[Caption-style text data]

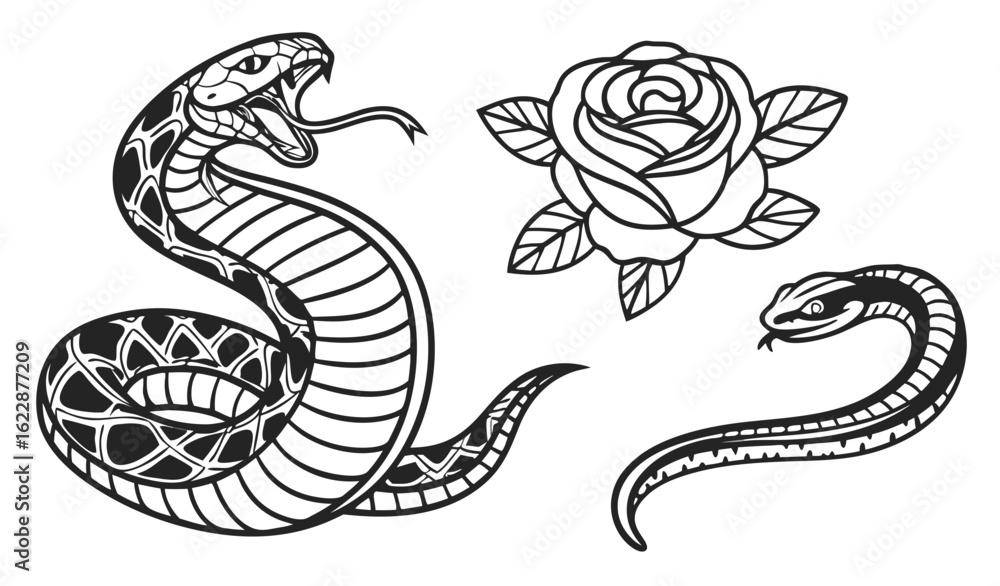 Obraz premium snake and flower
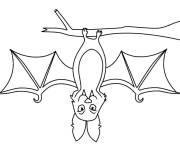 Coloriage chauve-souris t&ecirc;te en bas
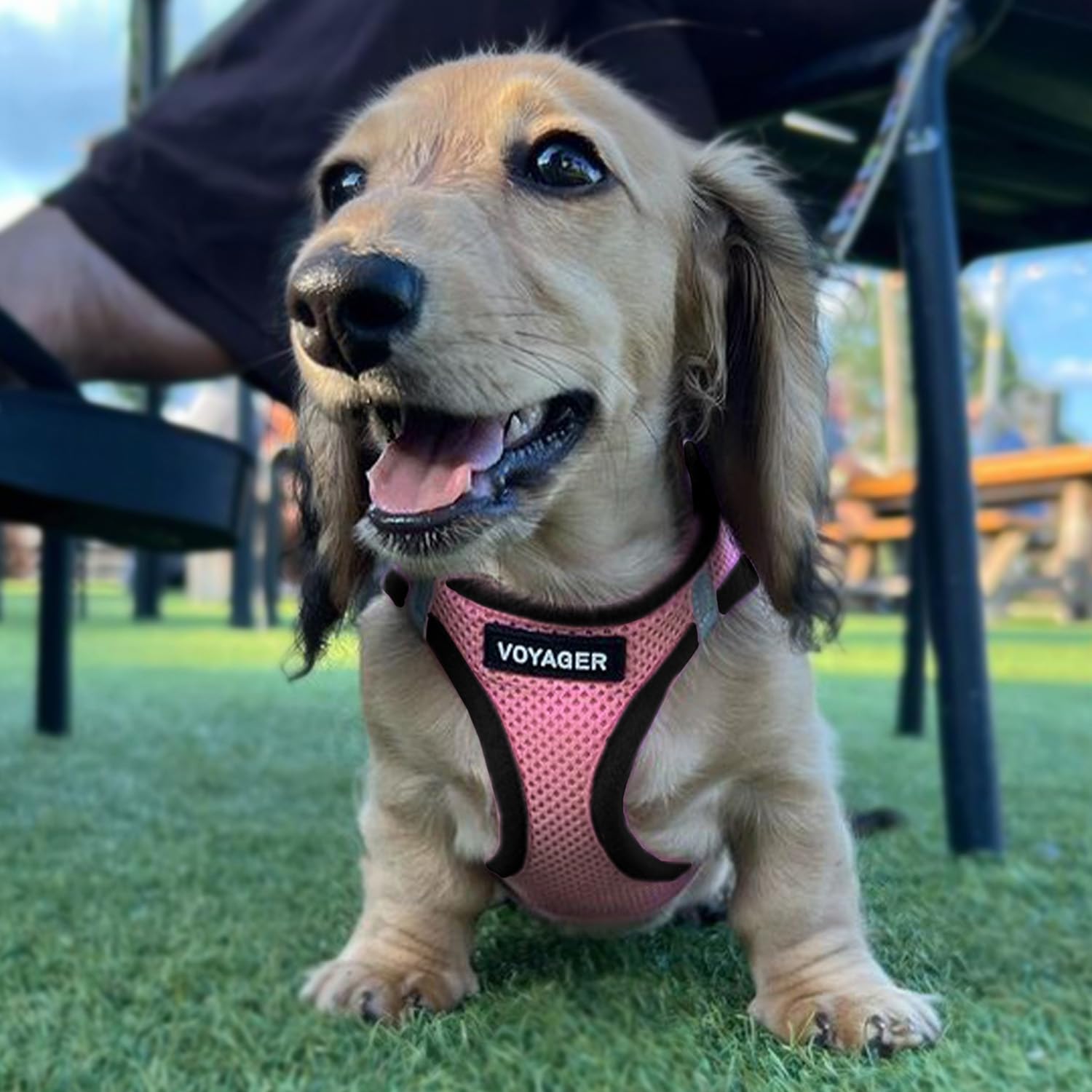Best Pet Supplies dog walking harness in use for secure, comfortable strolls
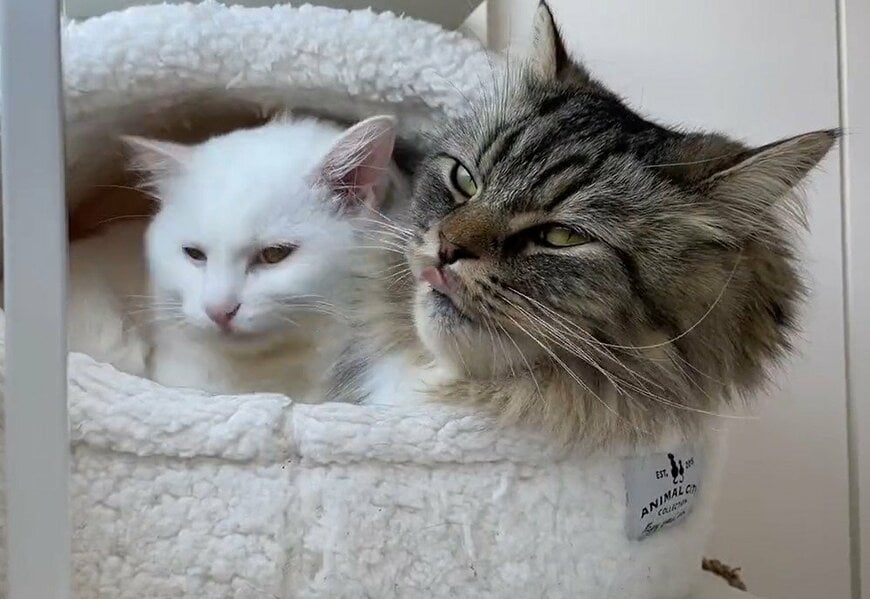 出所：@meltube_cat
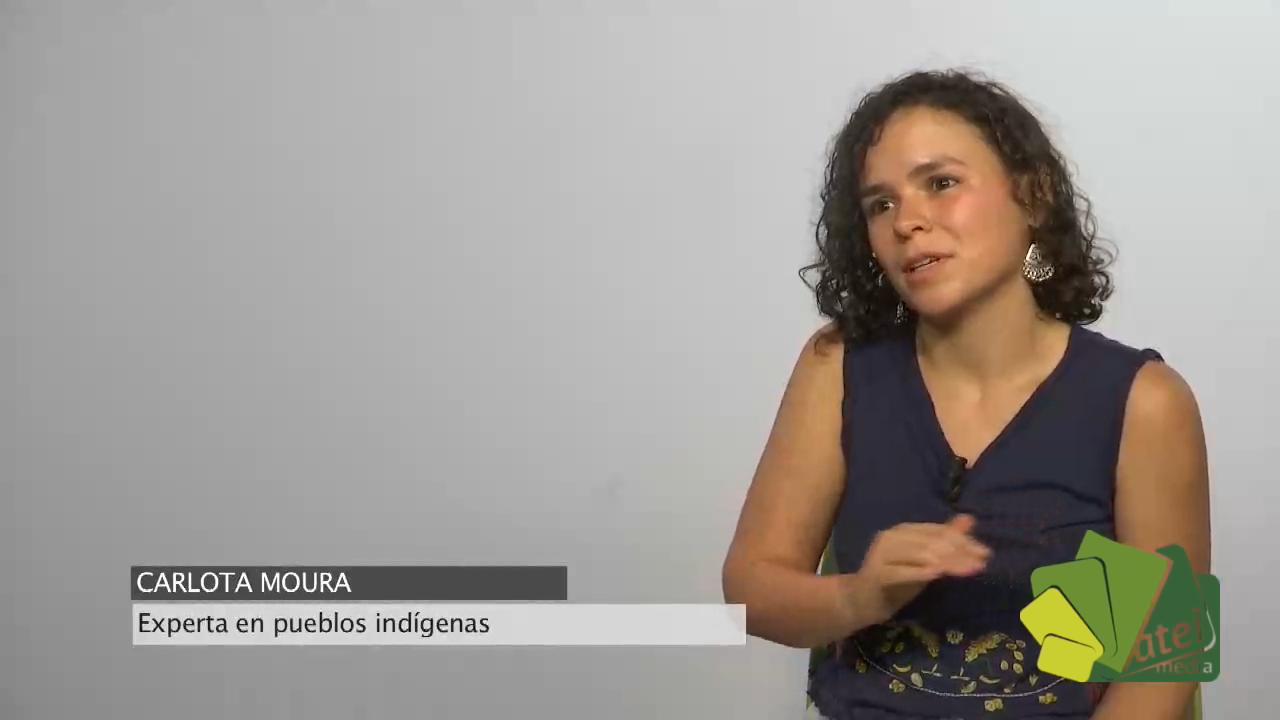 Expertos indígenas 2017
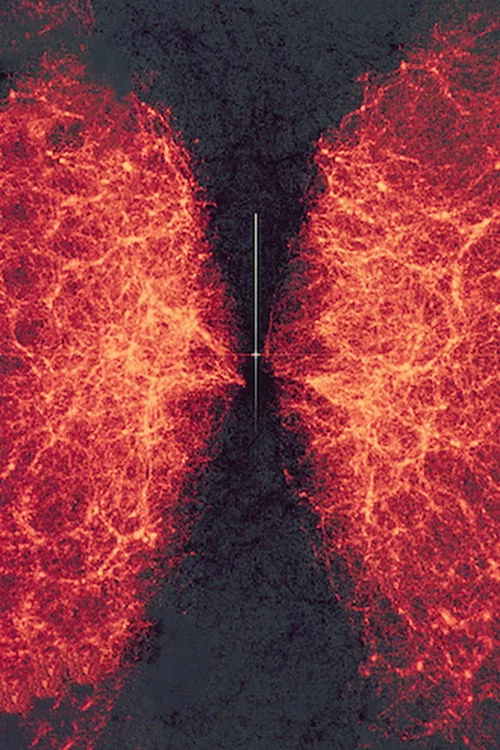 data-verse 1
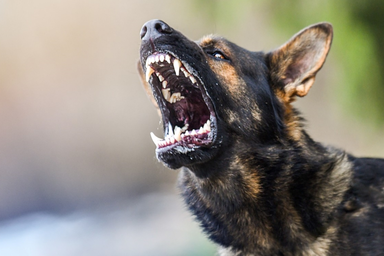 Illusztráció (Fotó: time.rs)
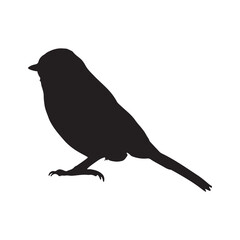 bird silhouettes white background. Vector illustration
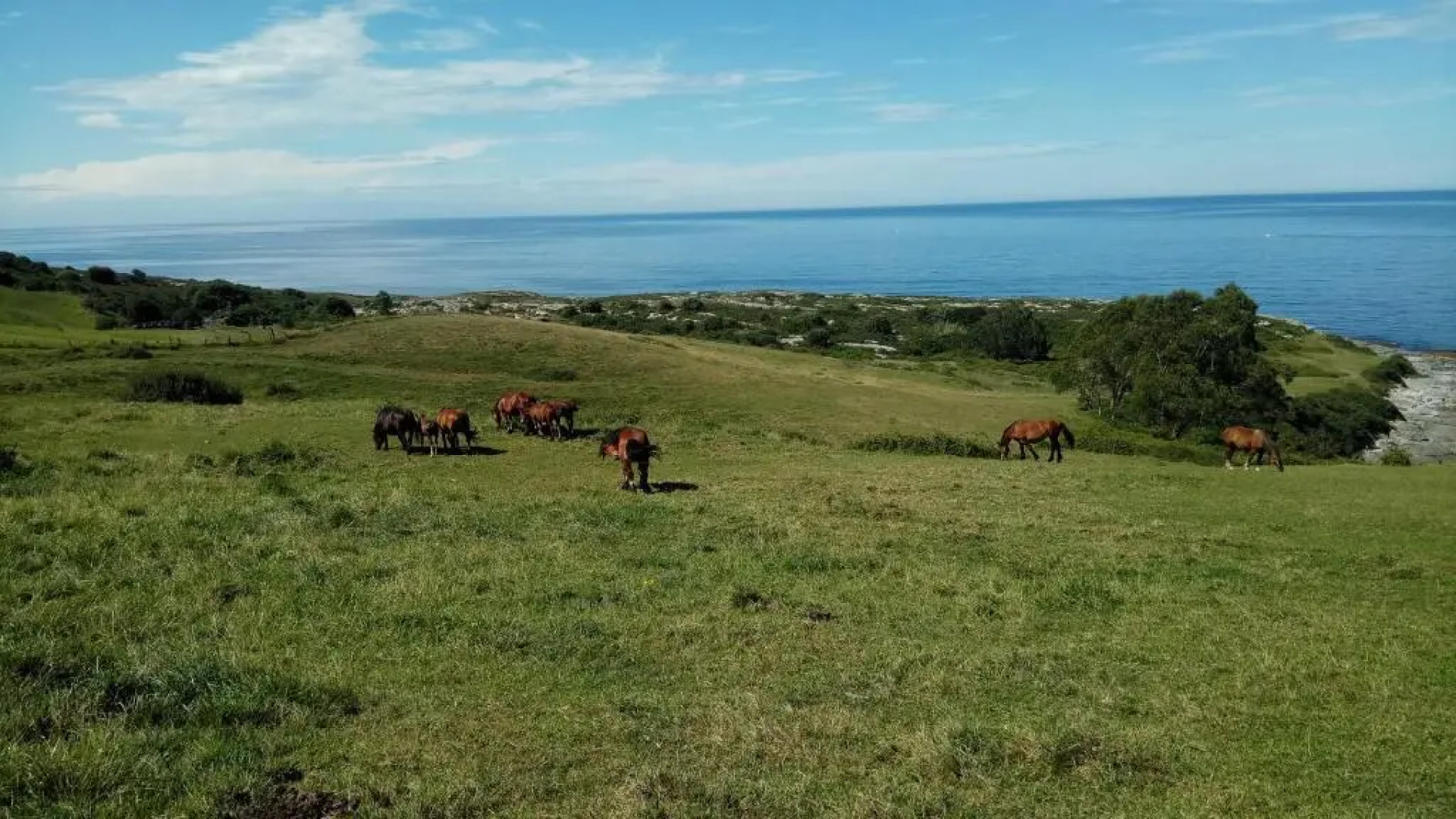 Posada Punta Liñera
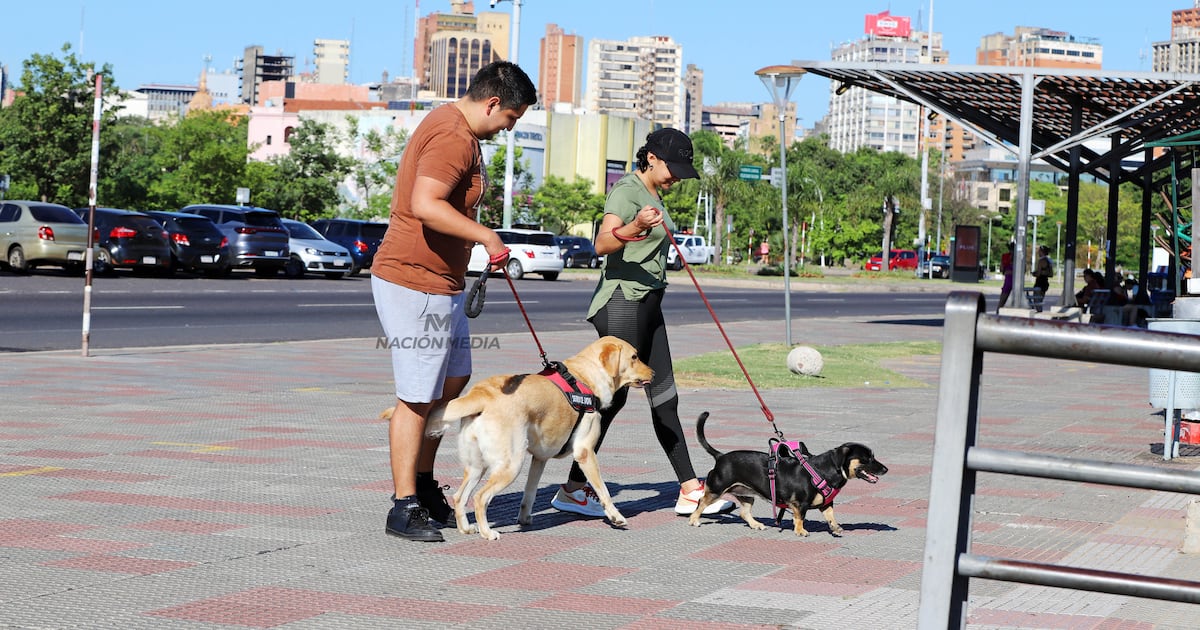 Meteorología anuncia una jornada cálida y calurosa para hoy sábado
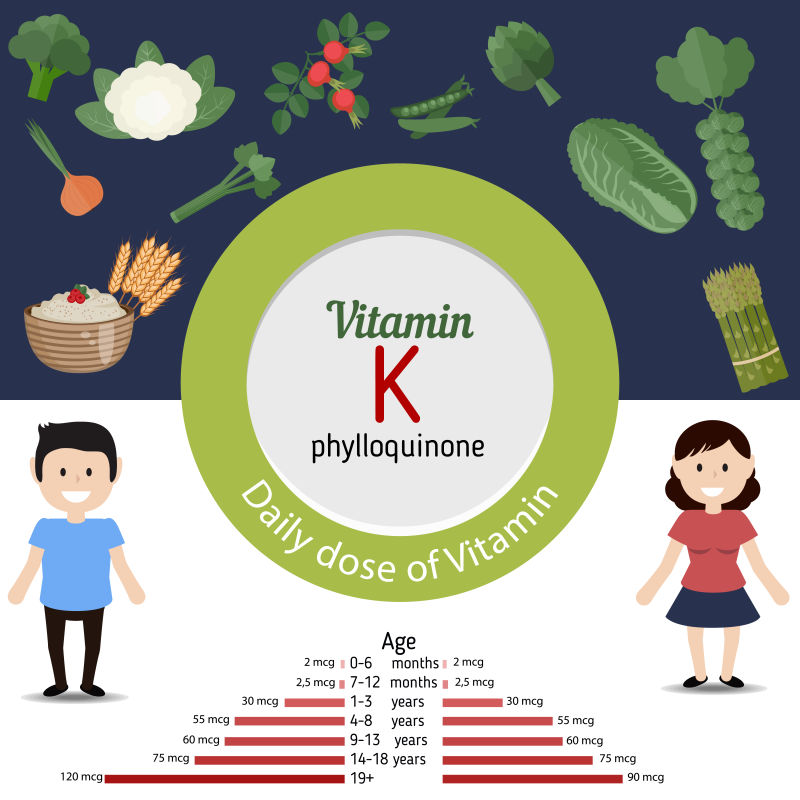 维他命K丰富的食物矢量插图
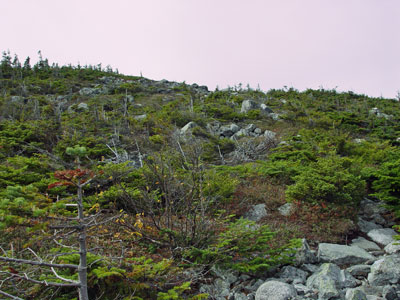 Picture showing stunted trees in Spruce - Fir Krummholz community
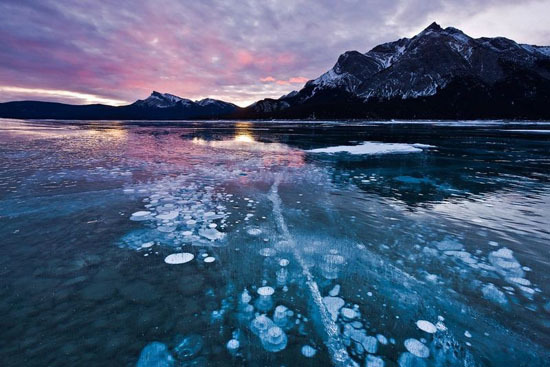Завораживающие зрелище. Замерзшие пузырьки воздуха в озере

## Task prompt
Starting with the line that contains "Picture showing stunted" and ending with the last line of the data above, transcribe exactly those lines and no others, without pictures.

## Written answer
 Picture showing stunted trees in Spruce - Fir Krummholz community
Завораживающие зрелище. Замерзшие пузырьки воздуха в озере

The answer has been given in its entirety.